DATA SUPPLIED:
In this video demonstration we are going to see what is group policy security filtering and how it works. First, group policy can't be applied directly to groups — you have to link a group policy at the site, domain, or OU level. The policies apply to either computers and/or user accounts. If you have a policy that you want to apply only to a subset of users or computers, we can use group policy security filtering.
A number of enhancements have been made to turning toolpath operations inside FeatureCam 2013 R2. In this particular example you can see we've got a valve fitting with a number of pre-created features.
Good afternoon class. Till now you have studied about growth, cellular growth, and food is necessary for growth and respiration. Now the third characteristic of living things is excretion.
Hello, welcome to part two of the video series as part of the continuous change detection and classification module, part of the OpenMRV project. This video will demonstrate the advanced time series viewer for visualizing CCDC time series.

--

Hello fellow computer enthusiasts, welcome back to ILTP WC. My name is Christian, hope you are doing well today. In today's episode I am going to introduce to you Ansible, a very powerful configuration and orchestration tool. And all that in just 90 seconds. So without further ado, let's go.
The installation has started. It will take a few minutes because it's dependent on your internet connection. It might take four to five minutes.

ACTION ITEM: Each line holding "that" should be copied from the material above.

RESPONSE AREA:
In this video demonstration we are going to see what is group policy security filtering and how it works. First, group policy can't be applied directly to groups — you have to link a group policy at the site, domain, or OU level. The policies apply to either computers and/or user accounts. If you have a policy that you want to apply only to a subset of users or computers, we can use group policy security filtering.
Hello fellow computer enthusiasts, welcome back to ILTP WC. My name is Christian, hope you are doing well today. In today's episode I am going to introduce to you Ansible, a very powerful configuration and orchestration tool. And all that in just 90 seconds. So without further ado, let's go.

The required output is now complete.